この1ヶ月を早いと感じる一方で、元職場に通っていた日々がはるか昔のことに思えます。

特に何をするでもないですが、今のところ全然退屈はしていません。
イチゴを植えたり、生ごみ堆肥づくりに挑戦してみたり、100円グッズを駆使して机周りを快適にしてみたり、米粉でスコーンを作ってみたり、YouTube見まくったり。
あー、幸せだなあ、としみじみと感じます。
そういう時は口に出して言います。
そしてついでに慈悲の瞑想。
「生きとし生けるものが幸せでありますように」

日々の生活の中で幸せを感じることがとても増えました。
部屋に陽の光が差しているだけで幸せです。
ストーブでぬくぬくできるだけで幸せです。
ご飯が美味しく食べられることがとても幸せです。

10年くらい前に喫茶店のカウンター席でたまたま隣になった男性の言葉をよく思い出します。
私より少し若いくらいのお兄さんでした。
友達とコーヒーを飲みながら不幸だ不幸だと言い合っていたら、「お二人は幸せの基準が高いんですね」というようなことを言われた。
その男性は登山が趣味だそうで、暖かいところで眠れるだけで幸せ、ご飯が食べられるだけで幸せ、と幸せの基準がとても低いのだと言う。
その時の私は「そういう人もいるんだなぁ、いいなぁ。私もなれるものならそうなりたいけど、幸せを感じられないものはしょうがないじゃない。感じようとして感じられるものではないんだし」と思っていた。

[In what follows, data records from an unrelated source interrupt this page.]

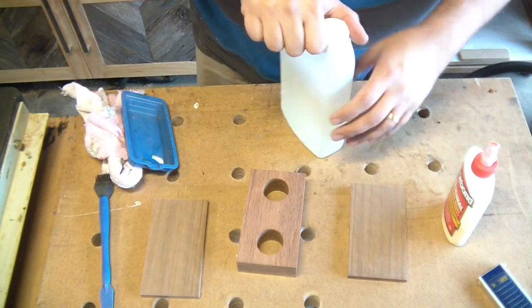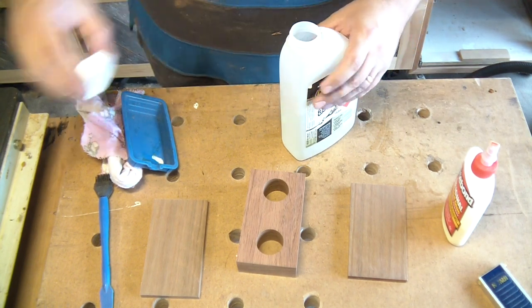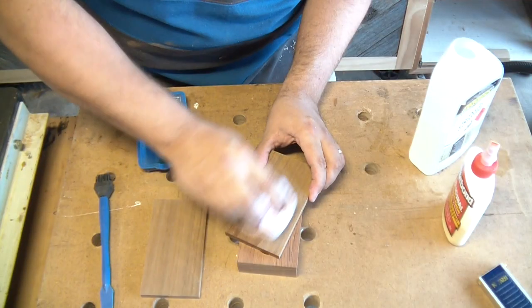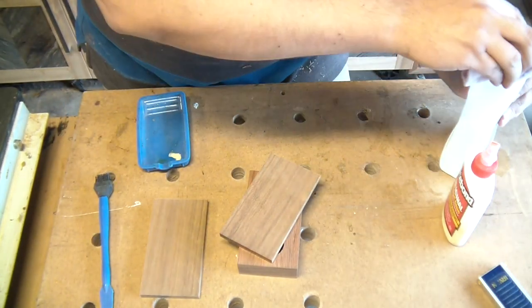Spotted gum is a particularly oily hardwood, like teak — it looks like teak too. Imagine teak on steroids, mate, and you've got spotted gum. You've just got to basically wash it with some acetone to get rid of the oiliness right before you glue up.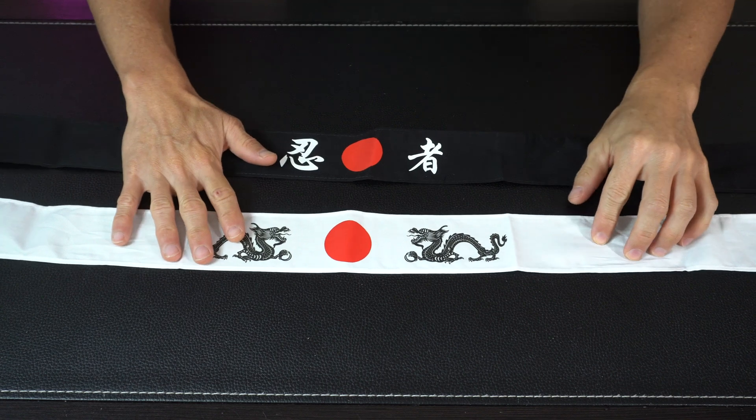But these are very simple, straightforward, and easy to use. So at the end of the day, these Japanese headbands are great. They've got a variety of different uses and no matter how you plan on using them, they won't disappoint.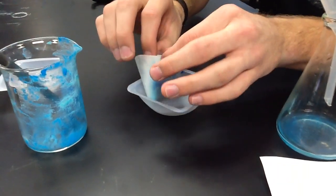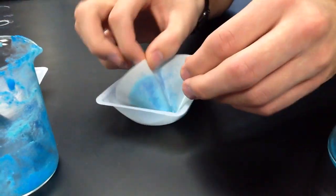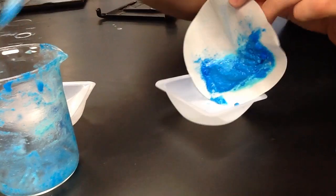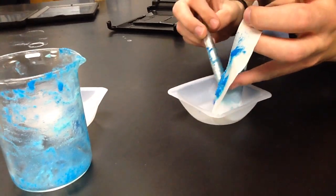Then remove the filter paper and open it. Scrape the remaining product off the filter paper onto the weigh boat.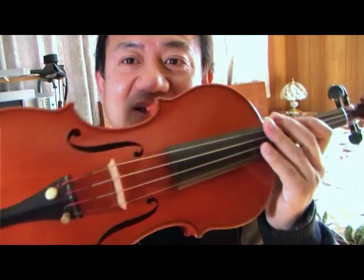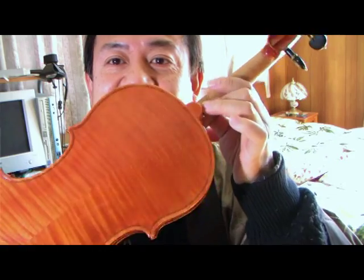That is about the material of pegs, tailpiece, and chinrest. I don't have a chinrest here — it's a new violin. This is what I made, a new violin.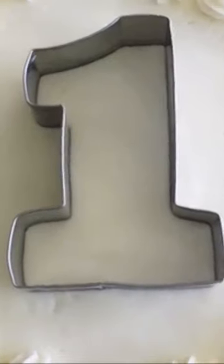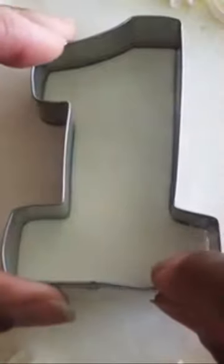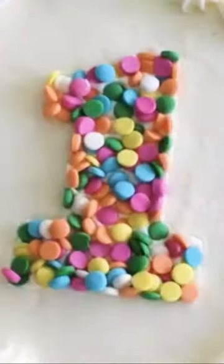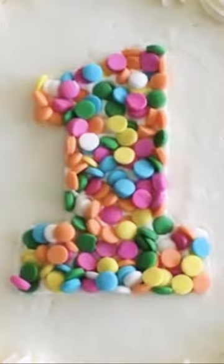I position the cutter in the center of my cake and press down slightly. This will help to contain our sprinkles. Next we fill our cutter with sprinkles and use a small metal spatula to press the sprinkles into the icing. Finally we lift our cutter leaving our sprinkled number one.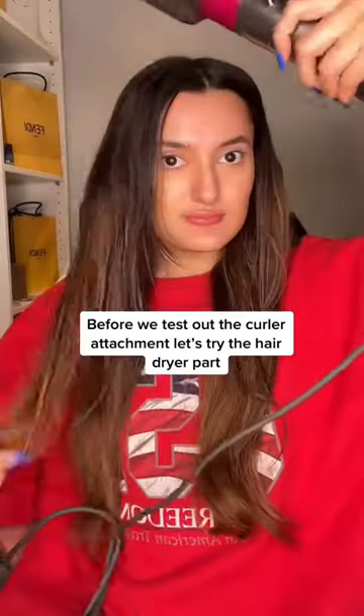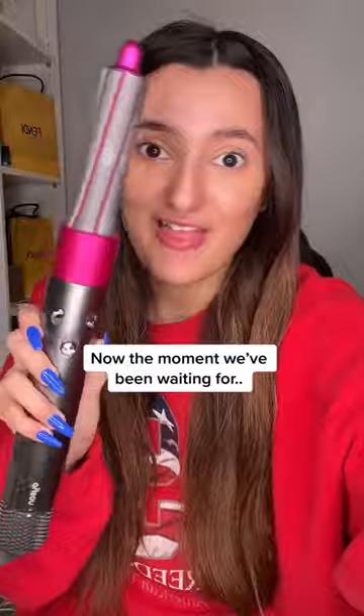Starting off with the hairdryer. Now the moment we've all been waiting for — the curling one.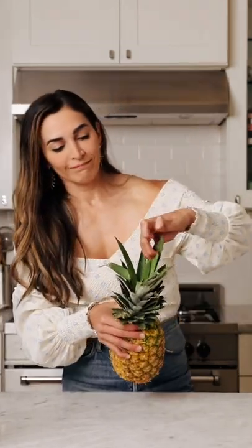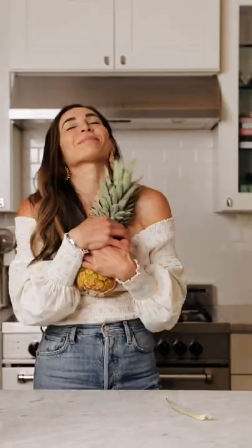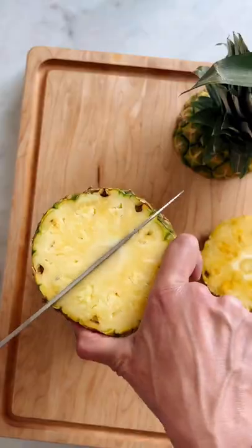Number five, the leaves should be green and you should be able to pull them off relatively easily. Now it's the moment of truth — we're gonna cut it open and see how we did. Turns out this is one of the most delicious pineapples I've ever had. Try out these tips and make sure to follow along for more.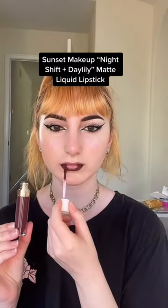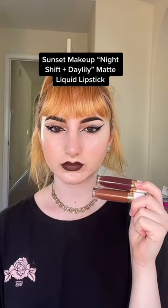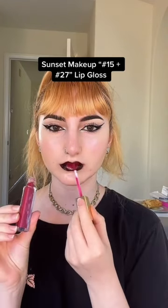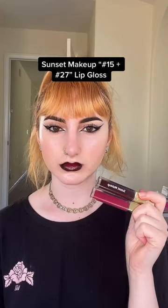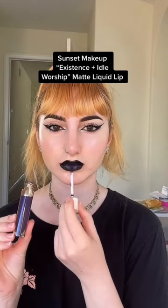Are there any more goth lip combos I can find in here? Yes! My favorite way to mix two lip colors is by putting the first one as a lip liner and filling in the edges, and then using the second color in the middle and blending that out. You don't want any harsh lines, so the key to this is just using your fingers.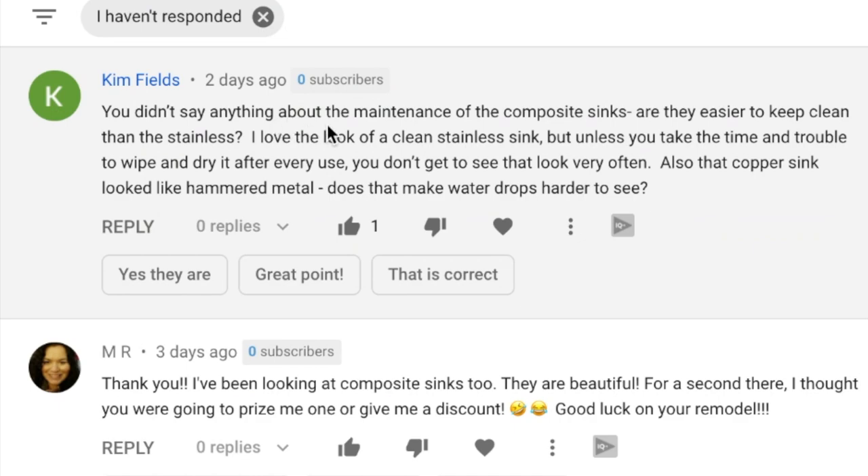Kim Fields asks: you didn't say anything about the maintenance of the composite sinks. Are they easier to keep clean than stainless? I love the look of a clean stainless steel sink, but unless you take the time and trouble to wipe it dry after every use, you don't get to see that look very often. Also, that copper sink looked like hammered metal — does that make water drops harder to see? Well, we're going to dive into all of that right now.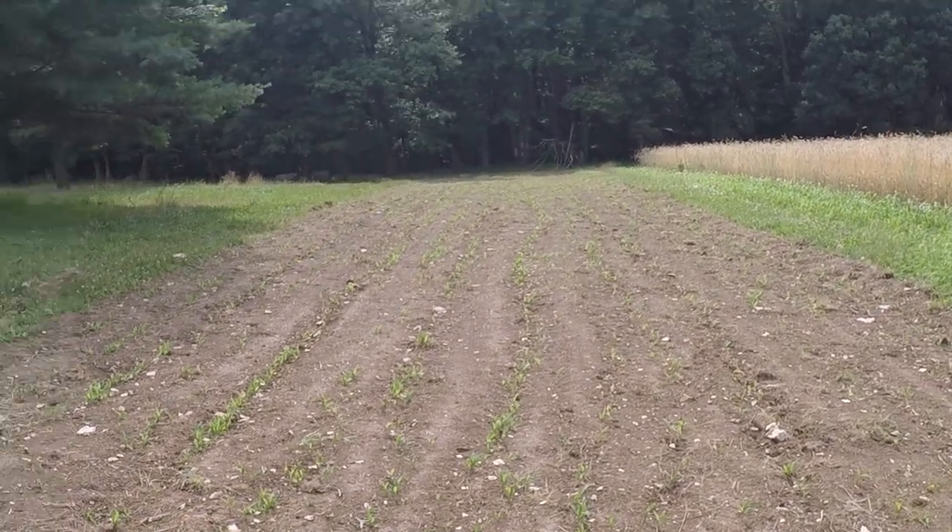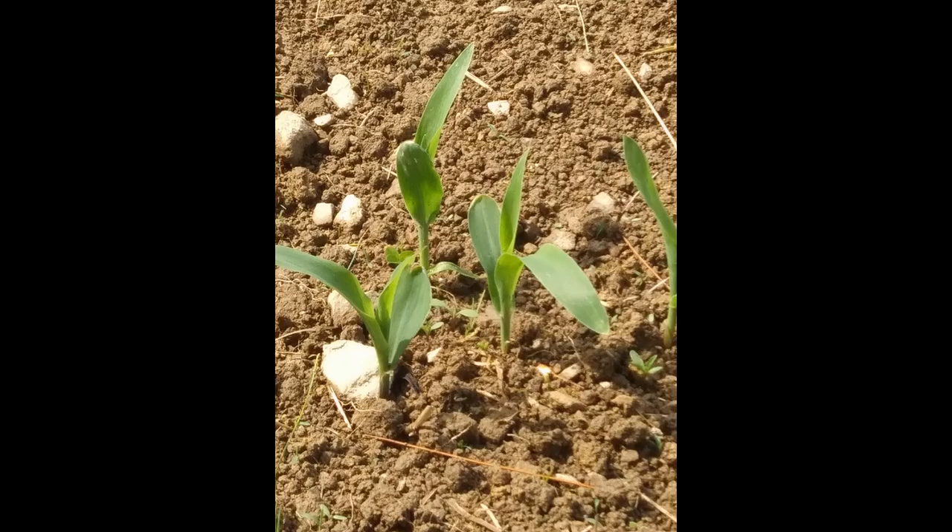I wanted to show you that it almost looks like it was planted with a planter — it can be done. Check out my channel, don't forget to subscribe, I'll be bringing more things to you. Fall planting is coming up real quick and I'm going to have lots of stuff to show you then too.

そして今、あの時のお兄さんからはこんな風に見えていたのだろうな、と思いながら当時の不幸な自分を思い出す。
自分から不幸の壺に顔をつっこんでいるようなものだったなぁ。
でも一方で、この歳になったからこそ、労働から解放されたからこそ、幸せの感受性が上がったことも確かだと思う。
あの頃はあのようにあるしかなかった。
おかげで今はとても幸せ。
ありがとう、あの頃の不幸な私よ。
大丈夫だ、君はきっと幸せになる。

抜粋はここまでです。